White House Press Secretary Scott McClellan commended the IRA’s, “important and potentially historic statement,” and chief Sinn Fein negotiator Martin McGuinness received a warm reception from sympathetic members of Congress during his round of calls here on Thursday.
“The statement must now be followed by actions demonstrating the republican movement’s unequivocal commitment to the rule of law and to the renunciation of all paramilitary and criminal activities,” added McClellan.
According to White House officials, President Bush was informed by national security council staff in the morning prior to the official announcement in Dublin.
Later in the day, the president telephoned DUP leader Ian Paisley.
“The president stressed the importance of the IRA’s responsibility to follow through on its words with action, and the president encouraged Dr.
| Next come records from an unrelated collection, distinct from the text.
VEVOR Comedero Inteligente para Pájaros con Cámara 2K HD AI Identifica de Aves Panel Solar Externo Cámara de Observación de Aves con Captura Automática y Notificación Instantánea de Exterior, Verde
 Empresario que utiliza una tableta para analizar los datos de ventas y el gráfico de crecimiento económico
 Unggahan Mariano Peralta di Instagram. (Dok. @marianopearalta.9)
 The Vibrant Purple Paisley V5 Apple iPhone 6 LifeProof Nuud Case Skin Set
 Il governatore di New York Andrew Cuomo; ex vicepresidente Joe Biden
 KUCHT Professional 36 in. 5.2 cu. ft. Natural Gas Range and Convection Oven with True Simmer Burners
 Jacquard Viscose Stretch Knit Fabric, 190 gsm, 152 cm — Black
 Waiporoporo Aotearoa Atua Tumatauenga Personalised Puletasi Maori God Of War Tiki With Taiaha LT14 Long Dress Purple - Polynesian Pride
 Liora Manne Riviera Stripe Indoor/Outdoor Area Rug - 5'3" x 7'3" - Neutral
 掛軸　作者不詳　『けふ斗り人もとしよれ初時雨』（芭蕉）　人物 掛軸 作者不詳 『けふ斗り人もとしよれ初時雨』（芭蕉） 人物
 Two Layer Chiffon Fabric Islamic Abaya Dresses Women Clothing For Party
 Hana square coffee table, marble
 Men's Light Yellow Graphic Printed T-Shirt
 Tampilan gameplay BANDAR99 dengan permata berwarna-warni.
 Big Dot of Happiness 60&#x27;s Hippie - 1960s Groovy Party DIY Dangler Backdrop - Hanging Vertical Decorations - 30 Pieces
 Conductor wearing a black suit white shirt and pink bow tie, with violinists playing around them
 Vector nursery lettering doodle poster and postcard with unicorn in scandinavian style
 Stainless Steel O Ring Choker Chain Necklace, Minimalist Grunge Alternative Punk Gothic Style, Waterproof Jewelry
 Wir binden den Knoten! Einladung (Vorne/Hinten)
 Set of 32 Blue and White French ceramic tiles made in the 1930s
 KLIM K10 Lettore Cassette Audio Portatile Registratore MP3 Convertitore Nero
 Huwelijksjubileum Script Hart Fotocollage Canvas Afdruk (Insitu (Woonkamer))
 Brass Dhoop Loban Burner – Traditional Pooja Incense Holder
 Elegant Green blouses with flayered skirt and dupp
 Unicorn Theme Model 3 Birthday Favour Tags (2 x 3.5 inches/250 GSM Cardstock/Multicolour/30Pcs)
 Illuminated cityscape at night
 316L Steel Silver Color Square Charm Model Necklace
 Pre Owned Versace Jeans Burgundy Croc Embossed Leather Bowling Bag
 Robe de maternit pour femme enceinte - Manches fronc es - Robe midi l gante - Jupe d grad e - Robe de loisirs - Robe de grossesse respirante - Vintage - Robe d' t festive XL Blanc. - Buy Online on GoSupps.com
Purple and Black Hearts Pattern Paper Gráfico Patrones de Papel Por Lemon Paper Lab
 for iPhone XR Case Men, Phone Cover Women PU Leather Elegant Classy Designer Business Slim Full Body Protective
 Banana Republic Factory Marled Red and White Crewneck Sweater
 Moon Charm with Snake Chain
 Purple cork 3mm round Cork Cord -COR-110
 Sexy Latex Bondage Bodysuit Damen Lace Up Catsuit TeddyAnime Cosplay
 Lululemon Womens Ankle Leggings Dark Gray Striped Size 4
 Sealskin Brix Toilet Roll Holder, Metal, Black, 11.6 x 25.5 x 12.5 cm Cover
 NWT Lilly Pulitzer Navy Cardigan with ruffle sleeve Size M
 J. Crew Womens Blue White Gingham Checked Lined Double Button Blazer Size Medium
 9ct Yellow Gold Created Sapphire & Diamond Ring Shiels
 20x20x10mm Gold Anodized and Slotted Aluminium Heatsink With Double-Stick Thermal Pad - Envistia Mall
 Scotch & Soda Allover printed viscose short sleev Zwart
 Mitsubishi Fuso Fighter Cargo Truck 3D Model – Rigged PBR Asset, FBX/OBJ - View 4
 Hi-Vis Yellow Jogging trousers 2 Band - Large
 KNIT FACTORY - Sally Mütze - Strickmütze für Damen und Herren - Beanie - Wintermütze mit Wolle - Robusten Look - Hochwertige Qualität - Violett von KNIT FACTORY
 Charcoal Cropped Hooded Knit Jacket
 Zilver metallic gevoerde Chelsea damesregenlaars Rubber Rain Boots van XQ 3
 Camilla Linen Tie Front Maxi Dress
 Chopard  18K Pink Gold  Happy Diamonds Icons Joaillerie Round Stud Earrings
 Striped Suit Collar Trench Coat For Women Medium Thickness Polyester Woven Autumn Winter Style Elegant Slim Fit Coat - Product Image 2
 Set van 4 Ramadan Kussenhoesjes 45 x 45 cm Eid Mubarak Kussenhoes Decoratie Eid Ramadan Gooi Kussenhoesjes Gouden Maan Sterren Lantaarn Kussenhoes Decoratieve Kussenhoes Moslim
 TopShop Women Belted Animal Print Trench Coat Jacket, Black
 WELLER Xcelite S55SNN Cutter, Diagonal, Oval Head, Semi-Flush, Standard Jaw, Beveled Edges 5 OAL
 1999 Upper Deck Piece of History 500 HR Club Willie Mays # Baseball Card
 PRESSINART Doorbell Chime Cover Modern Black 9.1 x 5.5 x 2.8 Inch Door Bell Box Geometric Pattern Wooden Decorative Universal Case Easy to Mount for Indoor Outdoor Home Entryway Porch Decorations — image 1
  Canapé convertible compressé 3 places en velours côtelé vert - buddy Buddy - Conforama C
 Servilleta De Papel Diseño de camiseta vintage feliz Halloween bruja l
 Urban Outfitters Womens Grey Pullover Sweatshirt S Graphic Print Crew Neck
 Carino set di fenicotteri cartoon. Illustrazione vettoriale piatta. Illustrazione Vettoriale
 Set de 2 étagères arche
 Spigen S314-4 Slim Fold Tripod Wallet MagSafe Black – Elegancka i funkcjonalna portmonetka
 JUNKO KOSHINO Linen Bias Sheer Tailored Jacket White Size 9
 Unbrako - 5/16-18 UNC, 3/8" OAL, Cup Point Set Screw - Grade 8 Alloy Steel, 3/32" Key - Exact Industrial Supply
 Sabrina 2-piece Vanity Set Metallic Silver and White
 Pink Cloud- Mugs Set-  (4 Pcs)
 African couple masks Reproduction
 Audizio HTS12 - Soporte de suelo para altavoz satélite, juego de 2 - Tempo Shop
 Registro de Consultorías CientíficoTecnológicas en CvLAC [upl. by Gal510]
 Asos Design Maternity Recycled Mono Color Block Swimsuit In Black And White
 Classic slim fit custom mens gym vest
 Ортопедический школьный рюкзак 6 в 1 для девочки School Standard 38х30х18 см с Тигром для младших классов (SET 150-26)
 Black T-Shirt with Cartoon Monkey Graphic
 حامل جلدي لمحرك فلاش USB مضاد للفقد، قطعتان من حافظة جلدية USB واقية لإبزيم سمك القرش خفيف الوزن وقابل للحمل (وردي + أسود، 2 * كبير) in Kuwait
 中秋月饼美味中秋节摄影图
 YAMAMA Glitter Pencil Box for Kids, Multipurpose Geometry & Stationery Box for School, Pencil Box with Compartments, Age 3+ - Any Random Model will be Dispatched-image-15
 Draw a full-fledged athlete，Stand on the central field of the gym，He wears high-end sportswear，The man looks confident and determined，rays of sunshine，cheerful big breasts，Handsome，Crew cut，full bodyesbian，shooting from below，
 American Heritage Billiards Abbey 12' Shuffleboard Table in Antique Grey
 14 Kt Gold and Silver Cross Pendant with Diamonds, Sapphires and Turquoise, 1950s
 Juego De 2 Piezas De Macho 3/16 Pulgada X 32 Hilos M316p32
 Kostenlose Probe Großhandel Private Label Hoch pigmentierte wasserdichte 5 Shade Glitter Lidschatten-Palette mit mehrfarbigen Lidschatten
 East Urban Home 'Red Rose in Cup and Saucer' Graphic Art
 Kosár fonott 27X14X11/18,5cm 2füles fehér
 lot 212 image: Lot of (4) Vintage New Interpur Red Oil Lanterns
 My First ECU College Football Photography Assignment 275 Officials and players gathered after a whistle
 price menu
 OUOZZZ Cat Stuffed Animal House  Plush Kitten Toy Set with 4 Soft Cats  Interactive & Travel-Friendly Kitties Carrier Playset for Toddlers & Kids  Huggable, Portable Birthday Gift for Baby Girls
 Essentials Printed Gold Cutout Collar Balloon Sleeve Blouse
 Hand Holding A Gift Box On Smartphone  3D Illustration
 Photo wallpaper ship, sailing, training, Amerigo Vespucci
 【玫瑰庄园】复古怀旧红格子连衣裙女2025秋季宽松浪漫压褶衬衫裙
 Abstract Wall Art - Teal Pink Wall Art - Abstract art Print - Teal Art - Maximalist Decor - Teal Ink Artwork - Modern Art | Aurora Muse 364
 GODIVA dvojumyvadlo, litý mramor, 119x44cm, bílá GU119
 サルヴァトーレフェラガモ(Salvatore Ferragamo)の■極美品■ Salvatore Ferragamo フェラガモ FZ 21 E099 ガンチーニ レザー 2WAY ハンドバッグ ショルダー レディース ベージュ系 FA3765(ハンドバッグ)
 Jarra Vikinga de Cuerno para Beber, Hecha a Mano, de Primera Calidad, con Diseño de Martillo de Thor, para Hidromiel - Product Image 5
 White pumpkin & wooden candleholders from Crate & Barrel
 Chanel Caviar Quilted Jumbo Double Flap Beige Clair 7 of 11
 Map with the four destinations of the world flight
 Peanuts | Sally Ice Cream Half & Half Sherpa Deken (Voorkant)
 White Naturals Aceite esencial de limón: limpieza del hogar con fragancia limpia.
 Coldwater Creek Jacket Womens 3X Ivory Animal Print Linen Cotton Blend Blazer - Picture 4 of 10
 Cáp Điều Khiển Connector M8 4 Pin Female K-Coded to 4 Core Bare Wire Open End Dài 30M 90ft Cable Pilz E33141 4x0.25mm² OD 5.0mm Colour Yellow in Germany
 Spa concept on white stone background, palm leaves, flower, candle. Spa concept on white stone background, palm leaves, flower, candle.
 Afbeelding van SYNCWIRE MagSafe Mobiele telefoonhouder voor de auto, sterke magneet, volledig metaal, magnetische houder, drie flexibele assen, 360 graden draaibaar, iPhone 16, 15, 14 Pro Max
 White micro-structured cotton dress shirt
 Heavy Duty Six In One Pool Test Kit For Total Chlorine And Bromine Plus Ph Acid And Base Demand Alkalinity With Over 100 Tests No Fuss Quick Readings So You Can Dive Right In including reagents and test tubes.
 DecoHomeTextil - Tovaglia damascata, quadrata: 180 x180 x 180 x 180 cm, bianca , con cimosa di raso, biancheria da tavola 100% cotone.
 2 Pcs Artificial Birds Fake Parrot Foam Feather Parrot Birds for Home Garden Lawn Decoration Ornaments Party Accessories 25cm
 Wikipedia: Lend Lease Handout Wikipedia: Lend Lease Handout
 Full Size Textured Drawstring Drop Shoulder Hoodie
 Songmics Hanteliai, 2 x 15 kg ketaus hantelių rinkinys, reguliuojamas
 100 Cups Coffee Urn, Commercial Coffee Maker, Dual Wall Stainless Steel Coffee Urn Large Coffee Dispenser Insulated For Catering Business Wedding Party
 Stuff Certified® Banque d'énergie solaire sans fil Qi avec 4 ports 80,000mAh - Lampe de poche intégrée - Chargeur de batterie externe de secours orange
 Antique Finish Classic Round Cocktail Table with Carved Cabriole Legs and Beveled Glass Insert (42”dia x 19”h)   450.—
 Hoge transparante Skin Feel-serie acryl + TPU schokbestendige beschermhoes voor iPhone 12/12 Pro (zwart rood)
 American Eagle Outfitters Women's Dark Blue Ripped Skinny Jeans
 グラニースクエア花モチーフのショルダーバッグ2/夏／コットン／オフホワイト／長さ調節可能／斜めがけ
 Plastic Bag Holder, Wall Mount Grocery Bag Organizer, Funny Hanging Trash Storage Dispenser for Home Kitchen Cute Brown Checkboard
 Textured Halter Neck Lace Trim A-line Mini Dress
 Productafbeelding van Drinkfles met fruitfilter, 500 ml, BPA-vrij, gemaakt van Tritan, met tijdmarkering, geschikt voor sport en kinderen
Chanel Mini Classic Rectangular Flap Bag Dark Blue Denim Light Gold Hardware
Paisley to give the IRA the opportunity to live up to what they said they will do,” reported McClellan.
Bush spoke with Sinn Fein leader Gerry Adams a day later and said he hoped the IRA’s pledge would end armed actions in Northern Ireland.
“The president stressed that this is an important opportunity to seize. The president talked about the importance of moving forward with action and showing leadership,” said McClellan.
“The president noted our continuing support for peace and reconciliation for the people of Northern Ireland,” he added.
White House officials and advisors said Washington took its cue from London and Dublin in reaction to the IRA statement.
Bush administration special envoy to Northern Ireland, Mitchell Reiss, met Martin McGuinness on Thursday morning at the State Department and received personal reassurances regarding the IRA’s position.
Reiss reiterated after the meeting, “The statement is very encouraging, it’s potentially historic, and we need to wait and see over the next weeks and months if these words can be translated into deeds to determine if it is truly historic.”
McGuinness indicated while he was in Washington that the eight years between the acceptance of the Good Friday accord and the IRA’s recent pledge to put down the gun was time well spent.
“The IRA will be true to their word,” he promised.
“Many people that are Irish republicans would be of a view that it is better to have a united IRA supporting exclusively peaceful means than a despondent situation where people can wander off into all sorts of organizations if they so choose, and I don’t think many would choose to do that but if there’s a risk of anyone joining a dissident group that is hostile to the peace process than it should be avoided at all costs,” he said.
Amongst the reactions to the IRA’s statement was a White House demand that republicans “sever all ties to international terrorist organizations.”
U.S. officials are still concerned over the Colombia Three affair in which three Irishmen were found guilty of helping to train the FARC terrorist group during their visit to Colombia in 2001.
The IRA and Sinn Fein’s historic ties to the ETA Basque separatists in Spain and republican links to other terrorist groups were “no longer acceptable,” said a White House official.
“We understand that the IRA and its members will no longer have any contact with any foreign paramilitary and terrorist organizations,” said McClellan.
The White House, officials said, chose to specifically “put the IRA on notice” that any future collusion or relationships by Provisional IRA members with other terrorist groups would jeopardize the status of Sinn Fein in the U.S. and would not be abided.
Asked during a press conference on Capitol Hill with members of Congress about the words of caution in the White House statement, McGuinness stood by the IRA’s declaration and emphasized that he expected volunteers would comply with the order to end all activities related to the armed struggle.
“It’s a good feeling today,” said one senior Bush administration official, “but we still have skepticism and hope that words really are followed up by action.”
Administration officials believe unionists will accept the verification process that is in place to monitor arms decommissioning, and the White House still endorses using photographs to verify arms decommissioning and believe it would move the process along more quickly if unionists could actually see arms caches being surrendered by the IRA.
“It will be the people on the ground, in their neighborhoods in Belfast that will able to tell if the IRA is still recruiting, who will see if the IRA is still training, and it’s the opinion of those people that ultimately will count,” said the official.
George Mitchell, the former Senate majority leader from Maine who brokered the Good Friday agreement, predicted the IRA and its sympathizers had “seen the benefits of peace and normality and they couldn’t go back to the way it was.”